Quant aux yeux à facettes, ils se transforment lorsque le monstre lève une patte vers sa face et les soulève littéralement de leurs orbites.
Fora en demeure bouche bée.
Il ne s'agissait pas réellement des yeux mais d'une série de jumelles imbriquées les unes dans les autres, comme un mélange entre une longue-vue télescopique et des lunettes d'essai d'ophtalmologie, bardées de verres et de molettes.
Derrière cet équipement barbare apparaissent deux iris émeraude, pailletés d'or, d'une beauté presque surnaturelle.
Fora voit alors deux sourcils parfaitement dessinés se froncer. Puis une voix à l'intérieur de l'armure de cuivre lui parvient, étouffée, courroucée.
— Je vous conseille de me suivre si vous souhaitez survivre.
En même temps, l'inconnu lui tend un bras secourable.
Tout en essayant de ne pas penser à la fameuse réplique de Terminator 2, Fora voit une partie de ses craintes s'évanouir.
Docilement, elle avance la main vers son sauveur qui l'empoigne sans ménagement par le poignet et l'attire à lui.
Fora trébuche et tombe dans les bras du guerrier (c'est son hypothèse la plus plausible), se cognant au plastron de l'armure.
Aussitôt, le chevalier déclenche une descente en rappel, ou son équivalent dans ce monde étrange, et ils chutent tous les deux dans le vide.
Le rat géant, mécontent, bondit, dents en avant.
Fora voit l'animal manquer son coup, à peine un mètre au-dessus d'eux, et refermer ses mâchoires sur le fil auquel ils sont suspendus.
— Il me paraît à propos de vous cramponner fermement.
Fora obéit, malgré sa surprise d'entendre le guerrier tourner des phrases aussi compliquées dans un tel contexte.
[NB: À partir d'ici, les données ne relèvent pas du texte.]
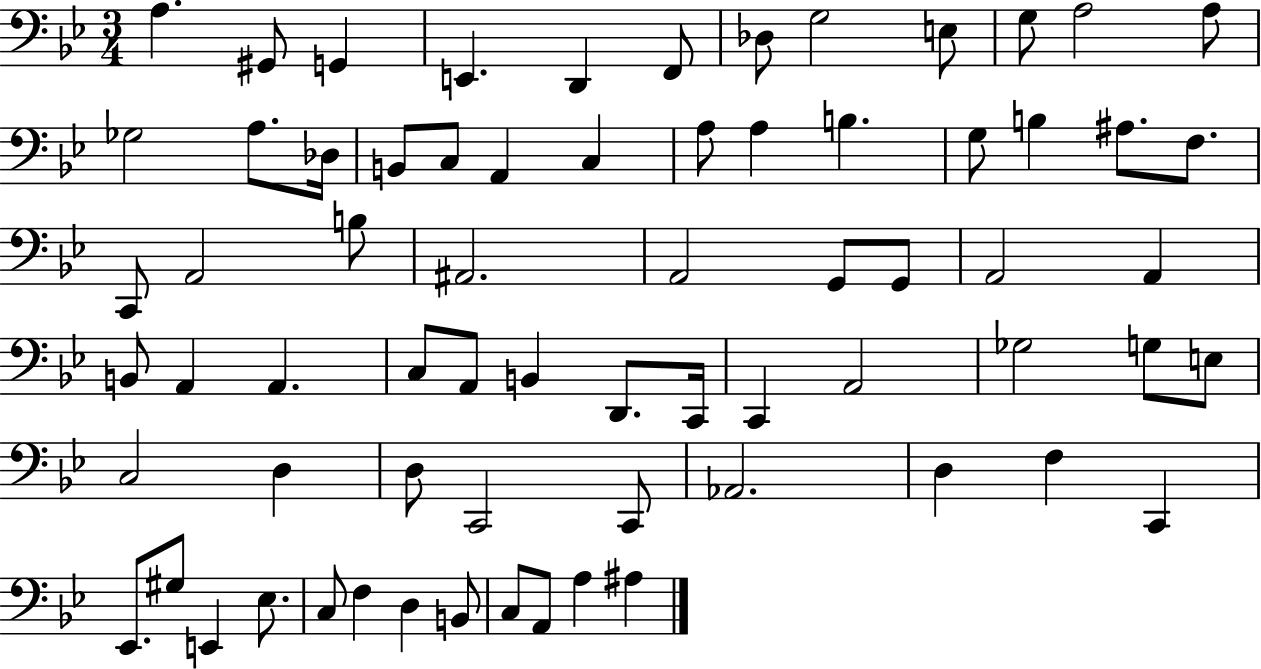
A3/q. G#2/e G2/q E2/q. D2/q F2/e Db3/e G3/h E3/e G3/e A3/h A3/e Gb3/h A3/e. Db3/s B2/e C3/e A2/q C3/q A3/e A3/q B3/q. G3/e B3/q A#3/e. F3/e. C2/e A2/h B3/e A#2/h. A2/h G2/e G2/e A2/h A2/q B2/e A2/q A2/q. C3/e A2/e B2/q D2/e. C2/s C2/q A2/h Gb3/h G3/e E3/e C3/h D3/q D3/e C2/h C2/e Ab2/h. D3/q F3/q C2/q Eb2/e. G#3/e E2/q Eb3/e. C3/e F3/q D3/q B2/e C3/e A2/e A3/q A#3/q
À peine a-t-elle resserré sa prise sur la taille étrangement fine de son sauveur que la corde cède sous les assauts du rongeur.
Une fois de plus, ses entrailles lui remontent dans la gorge.
Très à l'aise, le chevalier les fait pivoter d'un coup de rein pour se placer en-dessous de Fora. La jeune fille n'en saisit pas vraiment la raison.
Jusqu'à ce qu'ils heurtent le sol, dix mètres plus bas.
L'armure semble encaisser le choc et Fora ne perçoit qu'un gémissement incontrôlable de la part du guerrier quand ses poumons sont comprimés par le poids de sa passagère.
Heureusement, la couche papélaire (elle aime décidément bien ce mot) a amorti le choc.
Cependant, le guerrier la fait basculer sur le côté dans un mouvement fulgurant.
Tourneboulée, Fora comprend qu'il cherche à la protéger du rat qui les a suivis dans leur chute. Celui-ci tombe lourdement, à quelques centimètres de la jambe de l'adolescente.
Mais elle n'est toujours pas au bout de ses émotions.
Le chevalier la saisit au col et l'oblige à se relever. Fora se redresse et court tant bien que mal sur les traces de son sauveur, en ayant l'impression d'évoluer dans de la poudreuse particulièrement profonde.
Tout à coup, elle voit son prédécesseur sauter en avant et s'affaler à plat ventre dans les confettis.
Deux pas plus tard, sa cuisse heurte une barre tendue à l'horizontale. L'objet est heureusement fait d'un matériau souple et le heurt est plus surprenant que douloureux.
Cependant, emportée par son élan, Fora bascule en avant et atterrit…
Dans un livre !
Elle se trouve avec le chevalier sur les pages ouvertes d'un grimoire aux dimensions incroyables. La surface de l'ensemble doit mesurer quatre mètres carrés puisqu'elle supporte sans mal deux passagers.
Le guerrier s'empare d'un énorme signet de fil bleu et en tend un second à Fora.
— Je réitère mon conseil de tantôt, glisse-t-il.
À cet instant, l'énorme ouvrage se met à glisser sur la sciure blanchâtre. Toute la masse de confettis se met en branle et commence à s'écouler vers ce qui ressemble à un maelstrom de papier.
— Vous êtes sûr de vous ? s'écrie Fora.
— Plaît-il ? s'enquiert le chevalier, sans doute gêné par son casque et le vacarme digne d'une chute d'eau qui résonne désormais sous les voûtes de la bibliothèque.
Fora n'a pas le temps de répéter sa question. Elle s'accroche désespérément au marque-page cousu et ferme les yeux tandis que les remous du tourbillon se rapprochent inexorablement.